- Task:
Could you write out, exactly as they stand, only the lines in the listing below from the line with "Used 2024 Chevrolet" to the line with "saint-juvat-porte-1.jpg", both ends included, without the pictures?

- Data shown:
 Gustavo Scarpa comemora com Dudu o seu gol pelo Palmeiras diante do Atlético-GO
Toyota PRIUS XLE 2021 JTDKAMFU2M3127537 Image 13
--
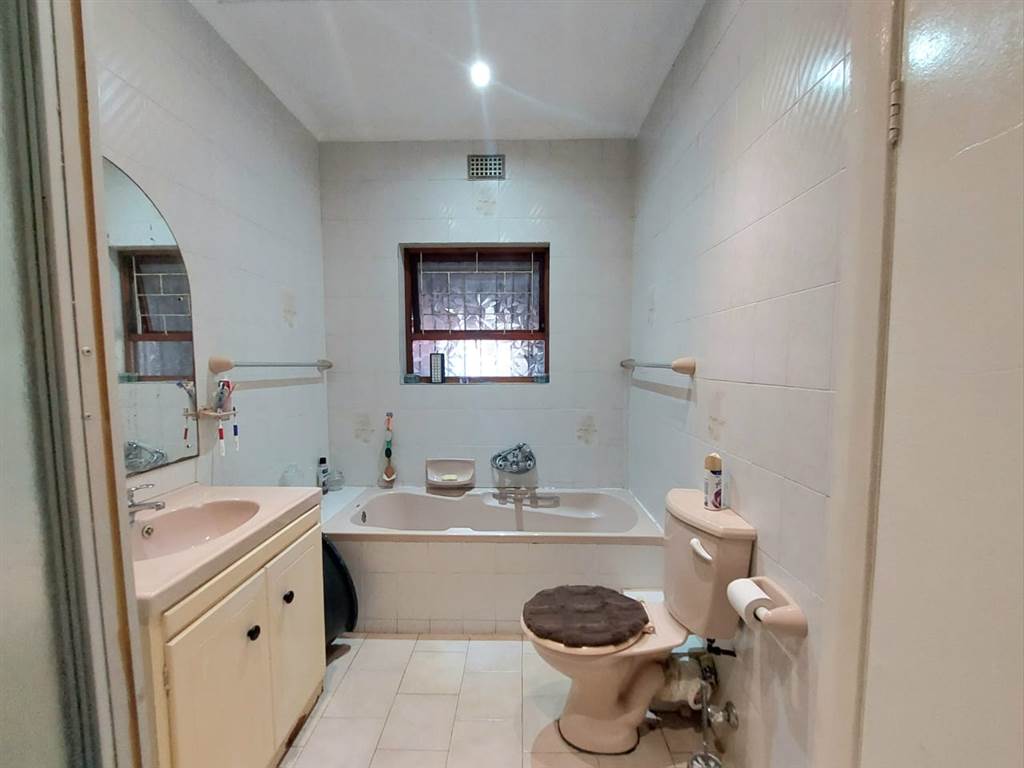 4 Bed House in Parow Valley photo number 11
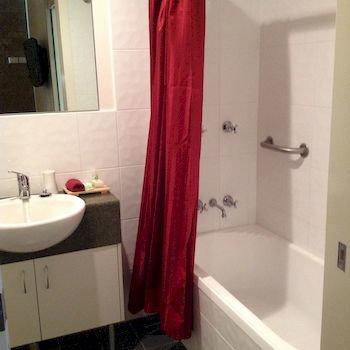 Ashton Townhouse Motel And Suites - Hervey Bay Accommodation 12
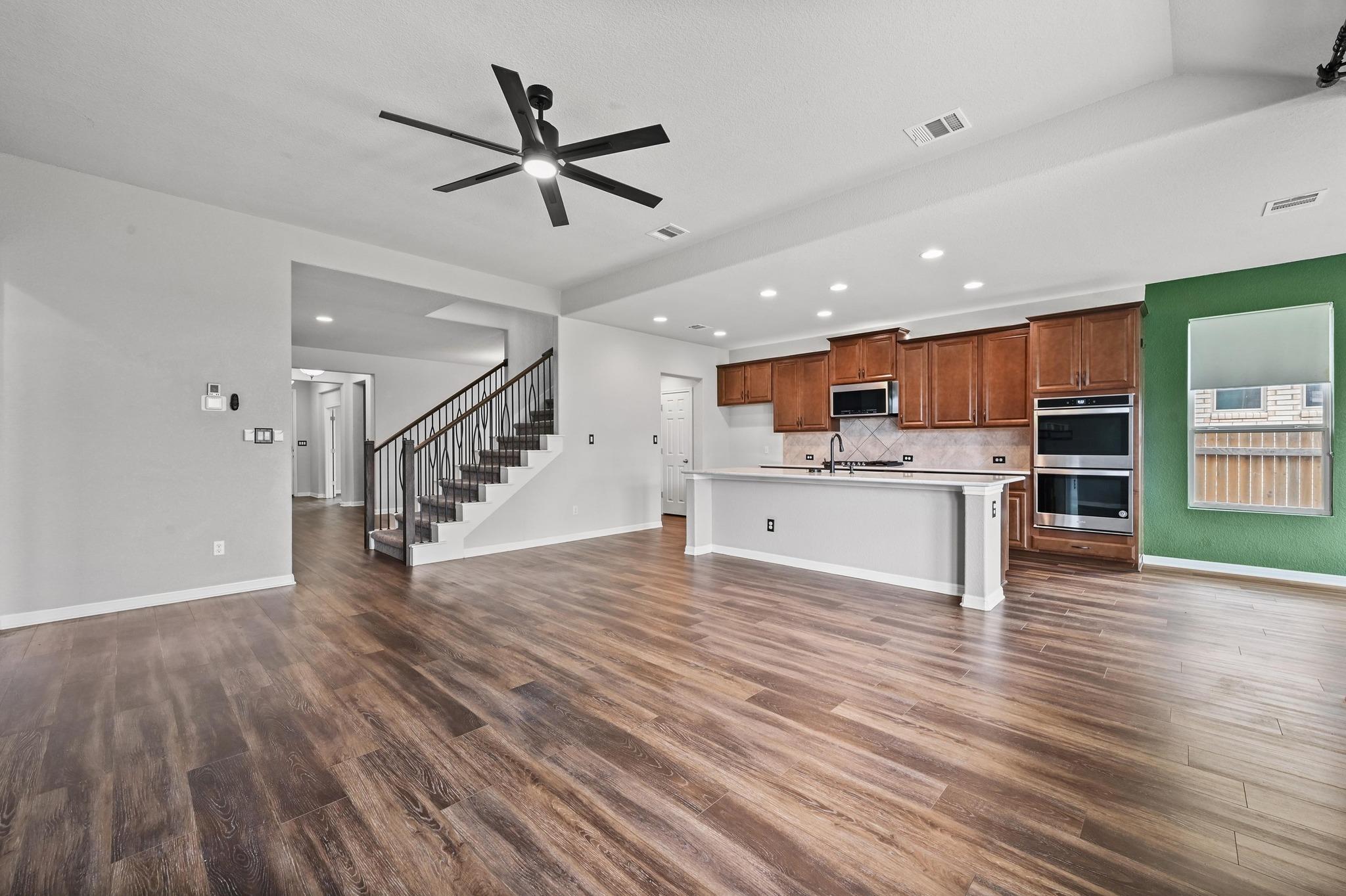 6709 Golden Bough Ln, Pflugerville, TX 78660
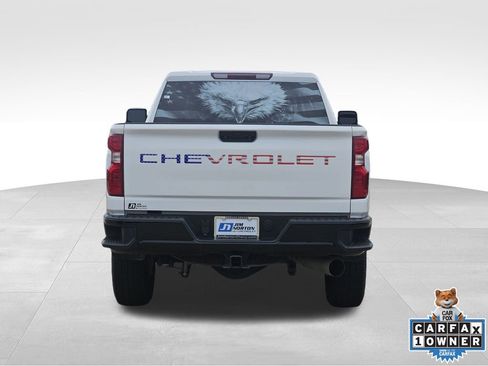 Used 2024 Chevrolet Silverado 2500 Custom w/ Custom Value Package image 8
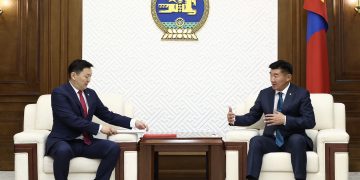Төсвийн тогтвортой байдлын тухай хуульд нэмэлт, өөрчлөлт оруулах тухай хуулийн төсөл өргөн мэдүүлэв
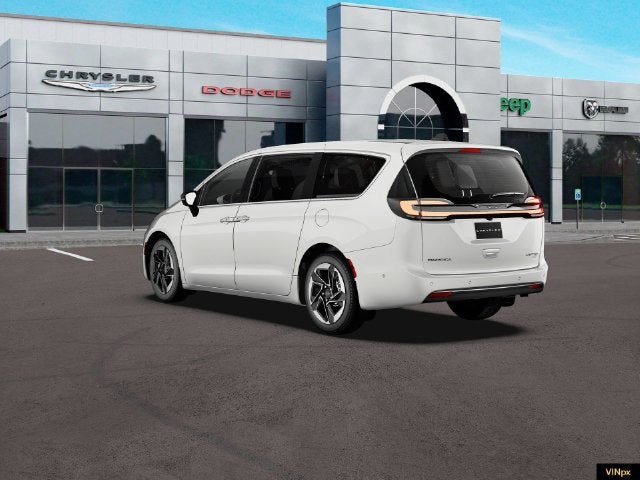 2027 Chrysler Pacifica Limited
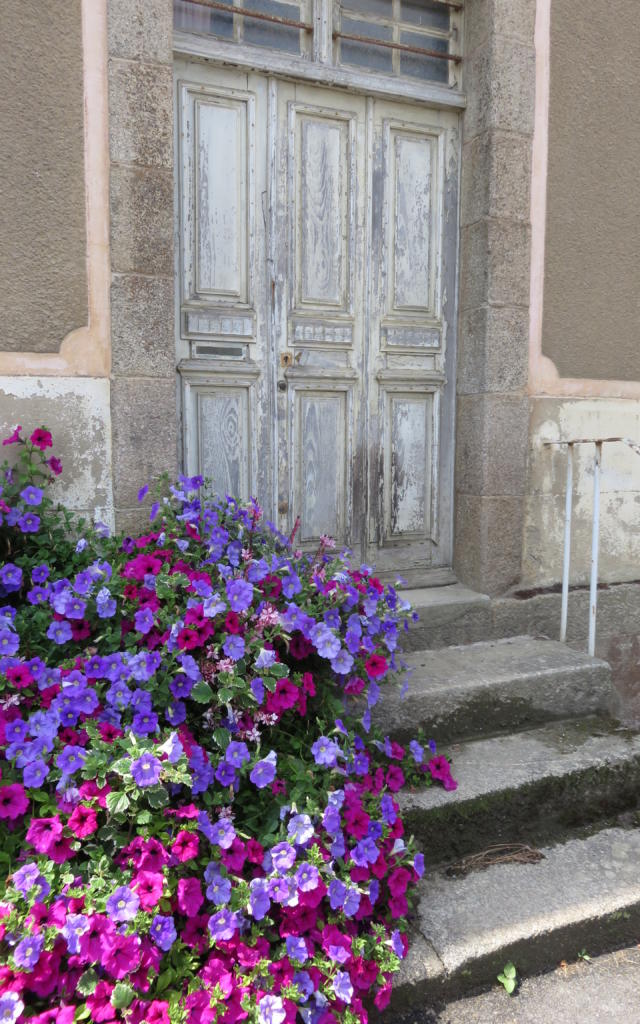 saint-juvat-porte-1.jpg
...
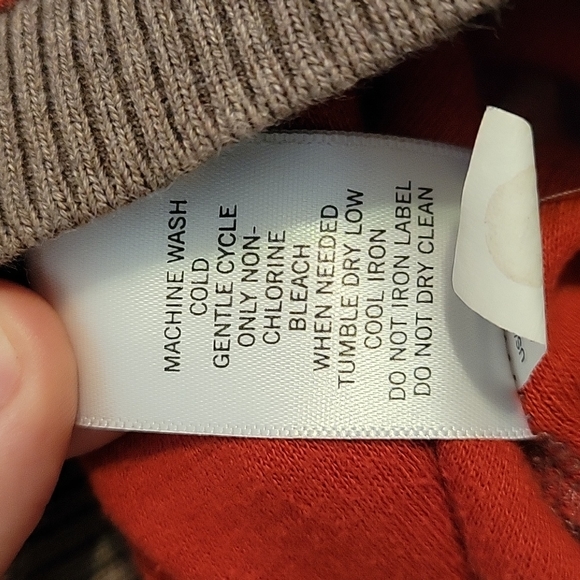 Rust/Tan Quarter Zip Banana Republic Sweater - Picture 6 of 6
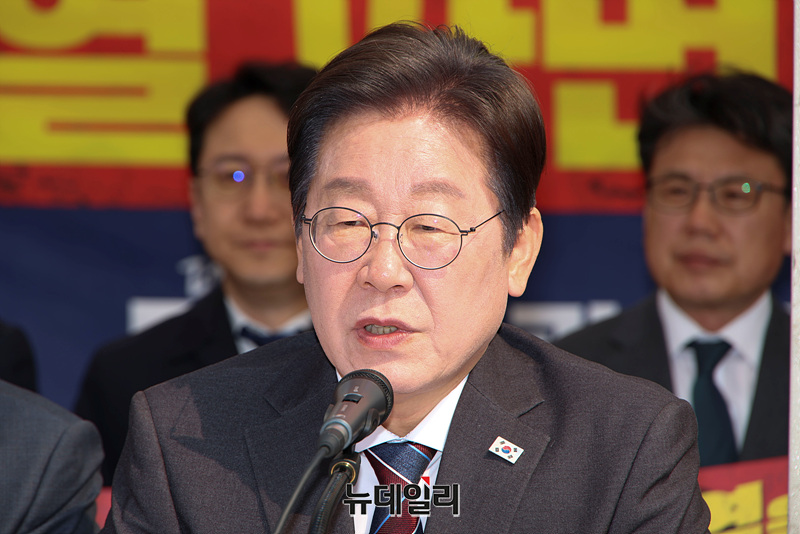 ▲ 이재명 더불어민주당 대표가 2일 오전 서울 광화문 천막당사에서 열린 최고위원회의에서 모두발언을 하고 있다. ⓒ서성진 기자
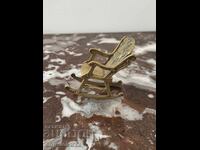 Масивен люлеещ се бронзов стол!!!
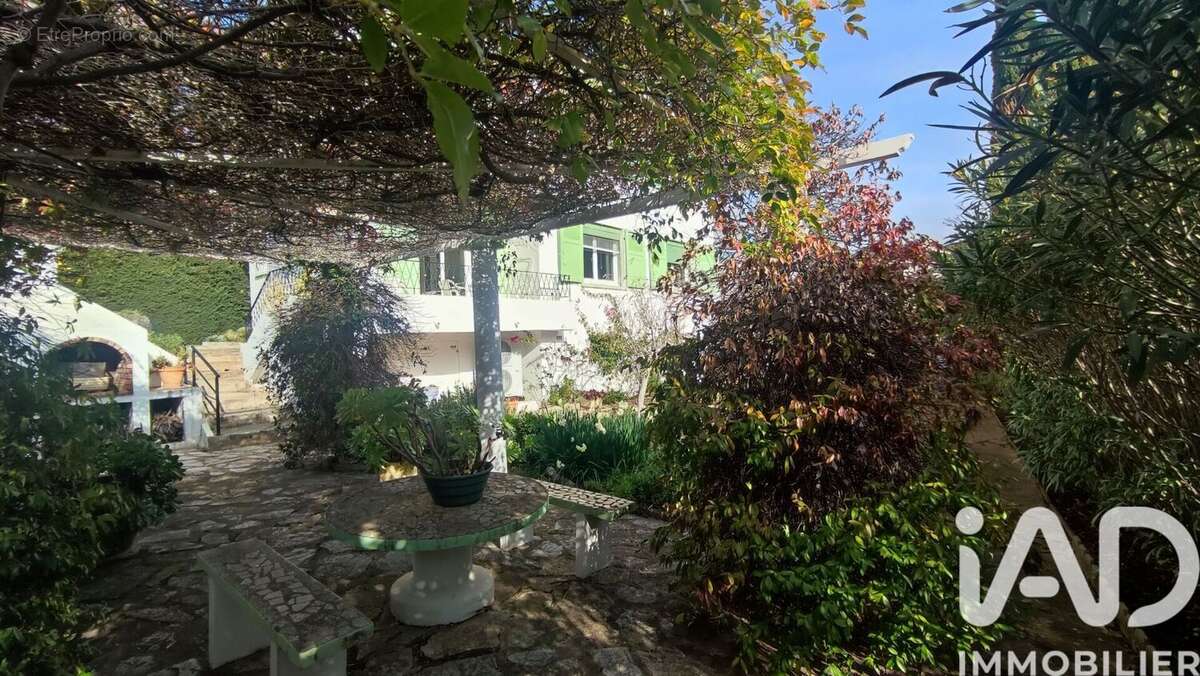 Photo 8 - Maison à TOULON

- Solution:
 Used 2024 Chevrolet Silverado 2500 Custom w/ Custom Value Package image 8
Төсвийн тогтвортой байдлын тухай хуульд нэмэлт, өөрчлөлт оруулах тухай хуулийн төсөл өргөн мэдүүлэв
 2027 Chrysler Pacifica Limited
 saint-juvat-porte-1.jpg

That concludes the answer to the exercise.